One of the most relevant examples being the declaration of force majeure is by Adani Ports and Special Economic Zone Ltd (APSEZ), India’s biggest private port operating firm based in Mundra, Tuna, and Dhamra. About half a dozen ports nationally declared force majeure, implying that they have no responsibility in the losses faced by transporters whatsoever. 

However, implications of the invocation of the force majeure clause are many. It can heavily impact cross border trade, Engineering, Procurement, and Construction (EPC) and joint venture agreements. 

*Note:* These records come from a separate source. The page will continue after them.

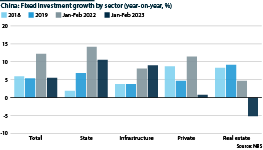 China fixed investment by sector, 2018-19, 2022, 2023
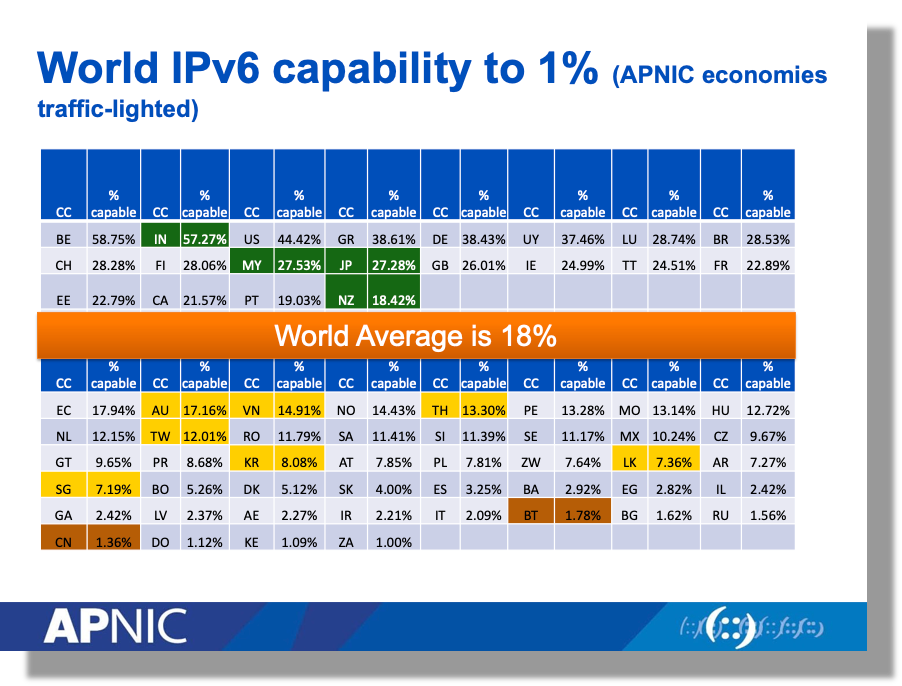 Figure 2 — World IPv6 capability in 2018 with APNIC economies highlighted.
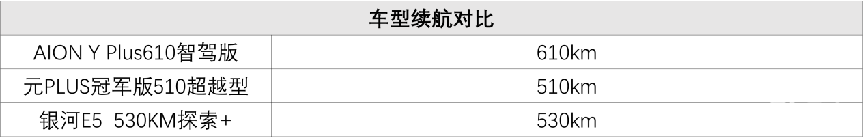 3万6国补王炸！10万买车这样选，老丈人都夸你会当家！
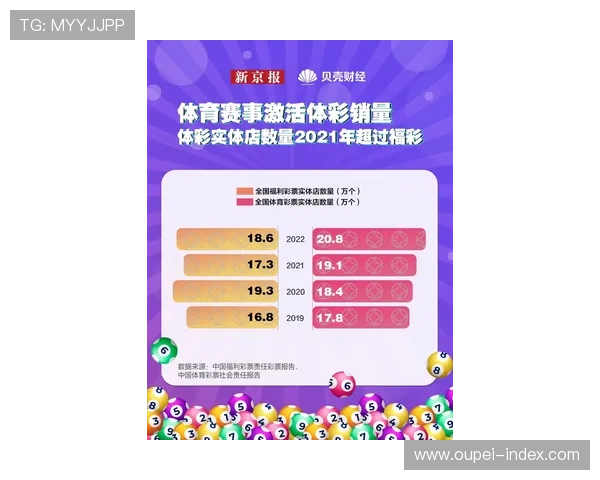 滚球是什么意思 彩票与数字高频玩法避坑防骗指南 滚球是什么意思 彩票与数字高频玩法避坑防骗指南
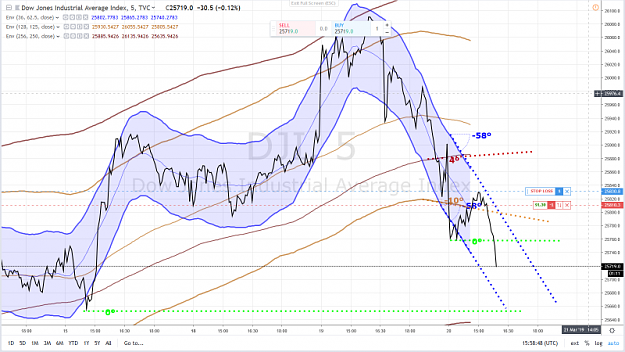 Click to Enlarge

Name: DOW SHORT 20 MARS 2019.png
Size: 1.0 MB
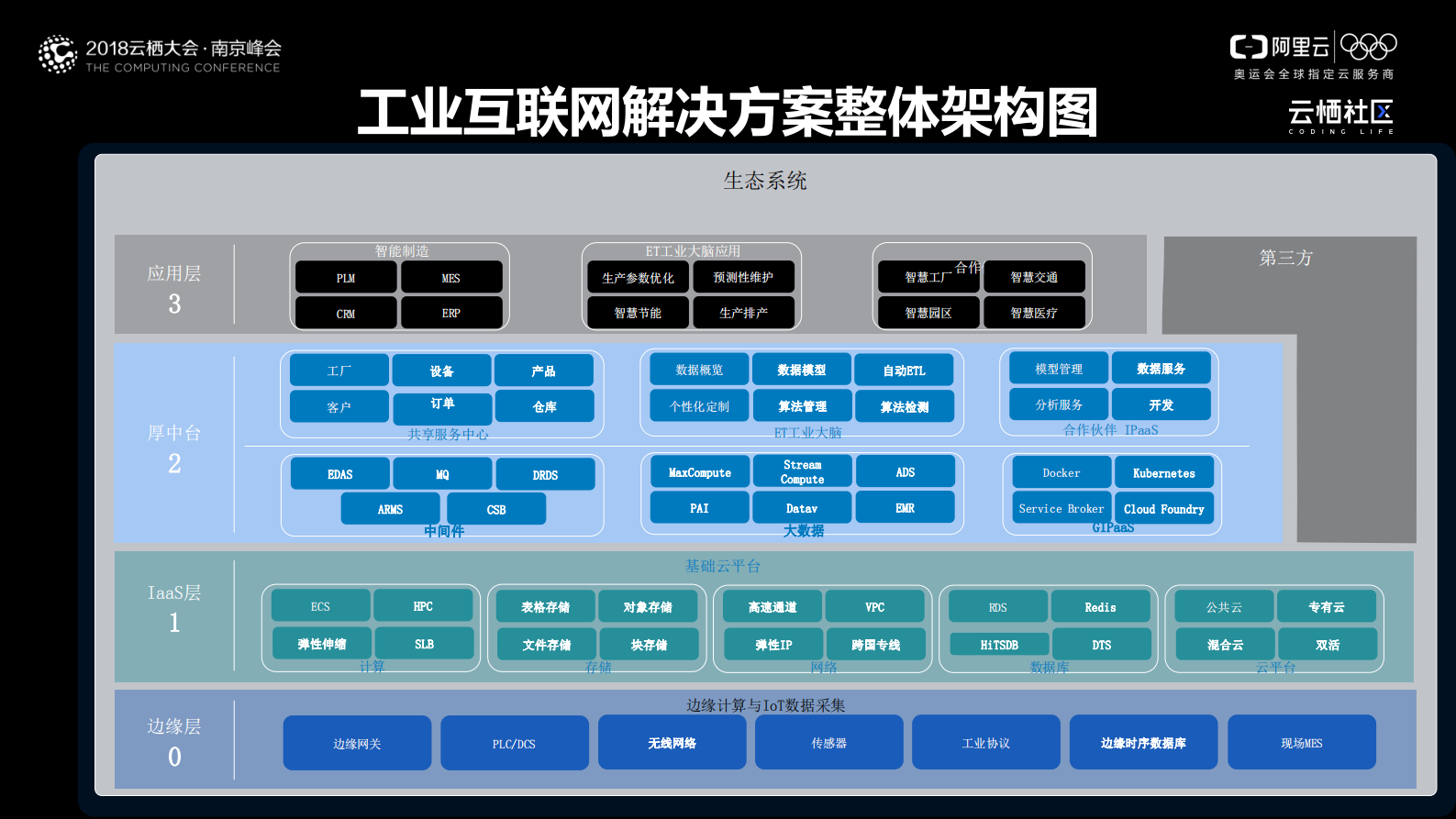 工业互联网助力企业数字化转型_ITIL之家(www.itilzj.com)_.PDF 第5页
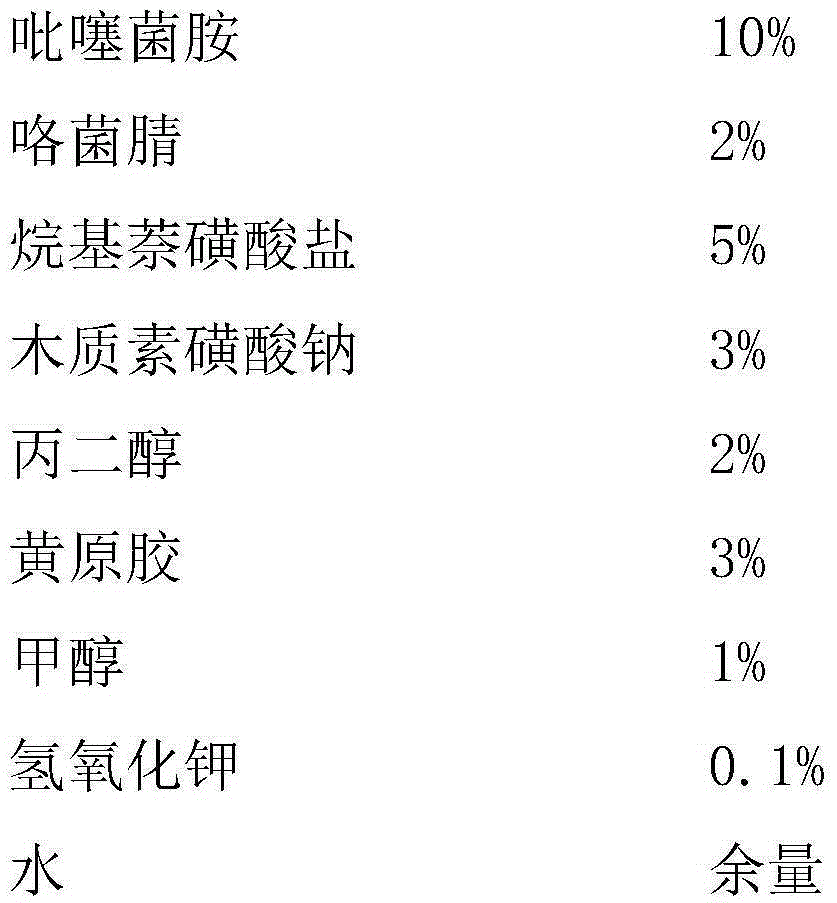 Sterilization composition containing penthiopyrad and fludioxonil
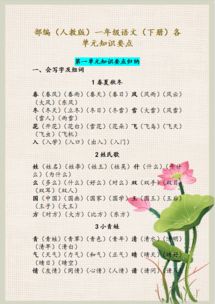 人教版一級語文下基礎(chǔ)知識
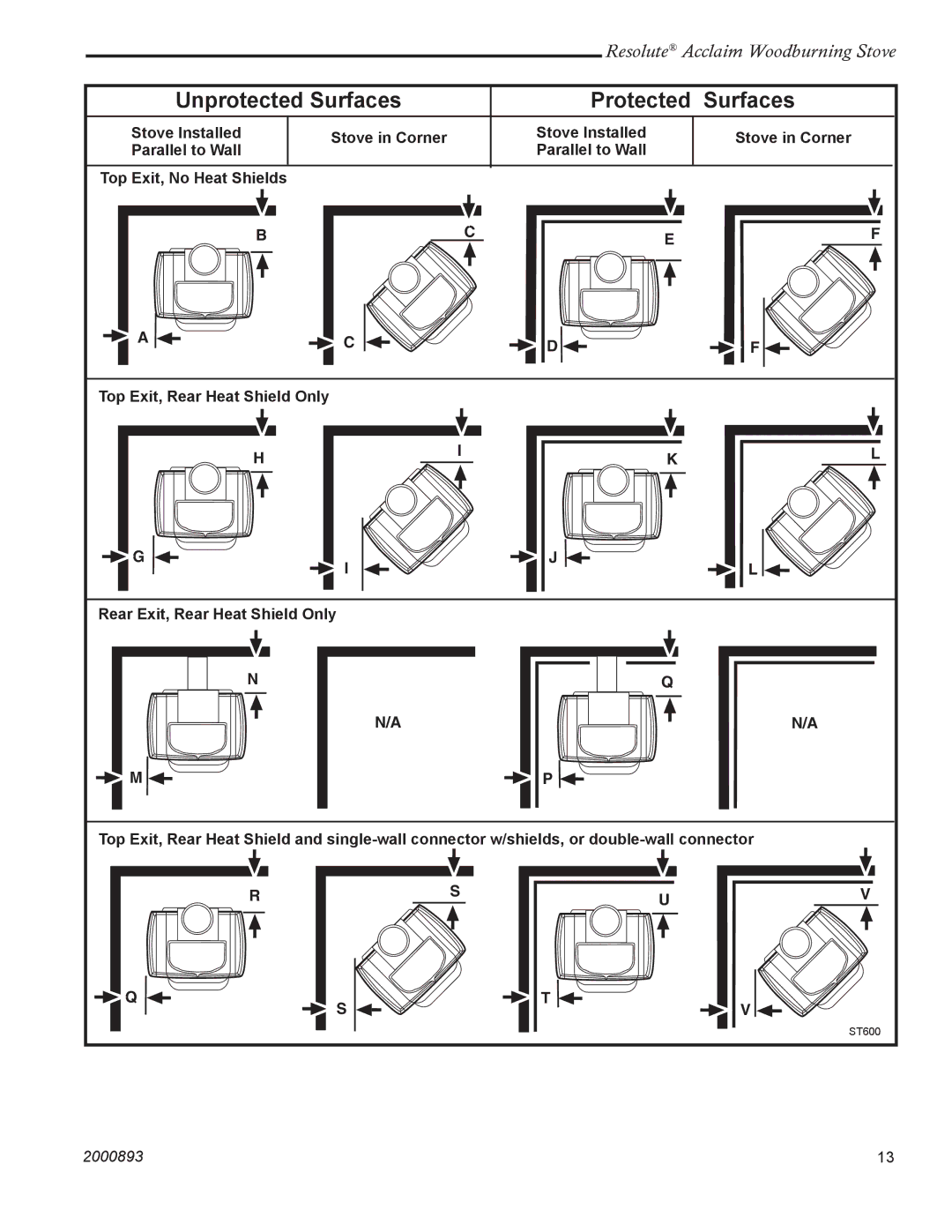 Acclaim Lighting 2490 installation instructions Stove Installed Stove in Corner Parallel to Wall, Top Exit, No Heat Shields 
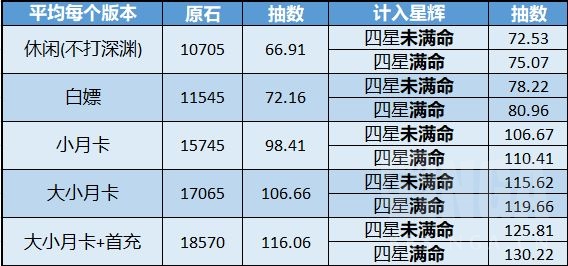 原神2.6版本原石获取统计 抽卡规划策略分享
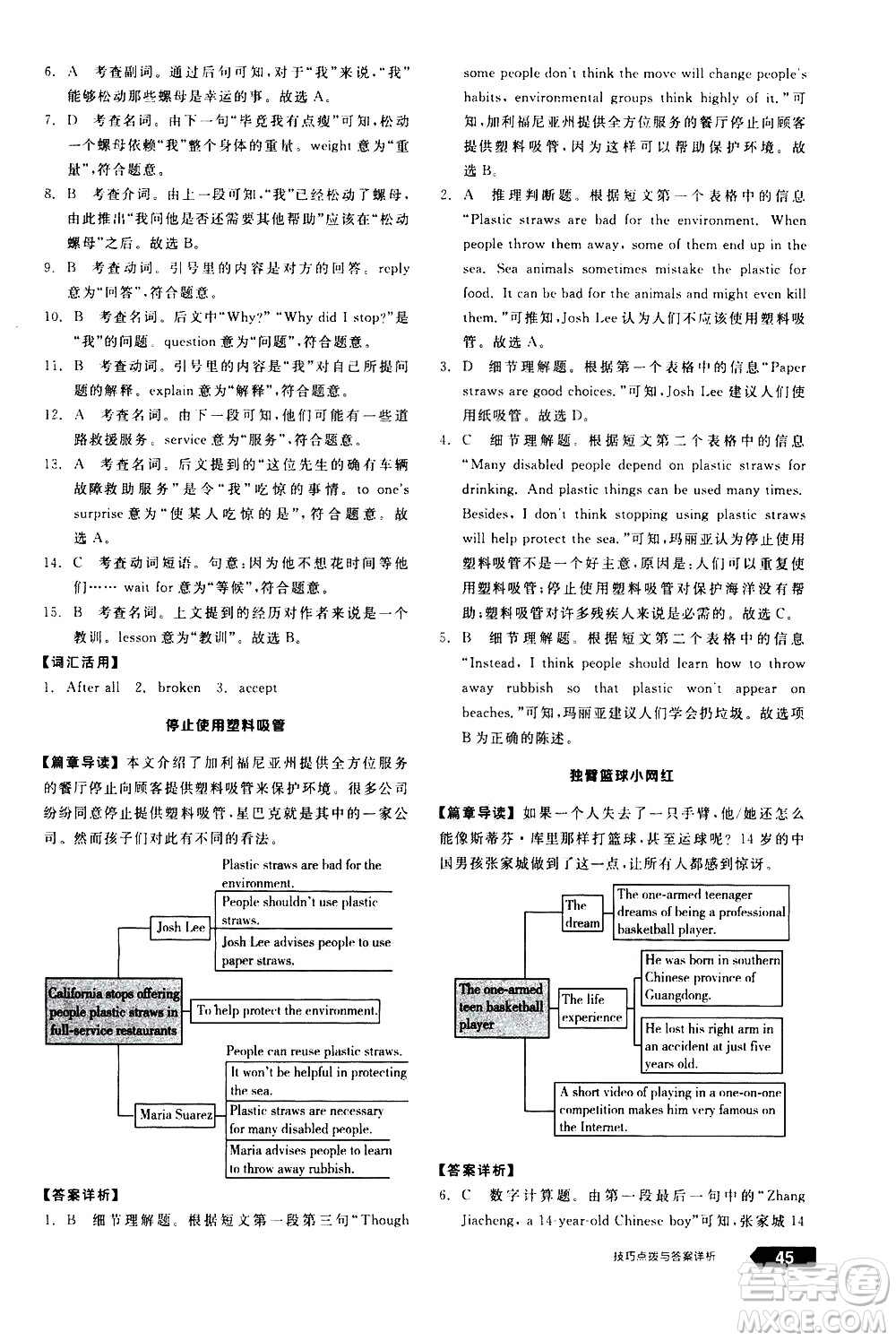 陽(yáng)光出版社2021練就優(yōu)等生英語(yǔ)完形填空閱讀理解八年級(jí)下冊(cè)新課標(biāo)RJ人教版答案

Under the RERA Act, real estate contracts too, have a provision for force majeure. If the clause is triggered, developers can demand an extension of registration or deadline of their projects without paying any compensation for the delay. The extension is however, restricted to a year. 


Examples of Invocation of Force Majeure Clause


For the Greater Good 

There have also been multiple instances, where the invocation of the force majeure clause has aided a sector or business otherwise struggling to stay afloat during the pandemic. 

Following the heavy losses faced by the food industry, Zomato and Swiggy are evoking the force majeure clause, thereby freeing partner restaurants from exclusivity contracts and enabling them to tie up with another food aggregators. 

Several large retail chains such as Big Bazaar and Reliance Retail, also declared force majeure to redeem their legal liability to pay license fees or rental dues. 

In fact, the ongoing pandemic should be taken as a precedent to further develop the force majeure clause, including making it a compulsory 

clause for contracts, and explicitly listing events and actions exclusive and inclusive to such a contract. 

Proper mitigation measures and a resumption date in case of the invocation of the force majeure clause with due consideration of the possible scenarios is also pertinent for the contract. 

A halt or longstop date for the termination of the contract and a proper insurance cover for the deal are equally vital. 


The Bottom Line 

Some believe that holders of contracts will move to the courts for resolution of their cases, thereby hindering and perhaps even stalling economic growth even after COVID-19

However, the more optimistic perspective that many agree with, is that of this economic crisis being a self-induced one, and that status quo will see the face of restitution very soon. 

Needless to say, humans have faced tougher times and have always jumped on the bandwagon of prosperity, be it the Spanish Flu of 1918 or the H1N1 pandemic in 2009.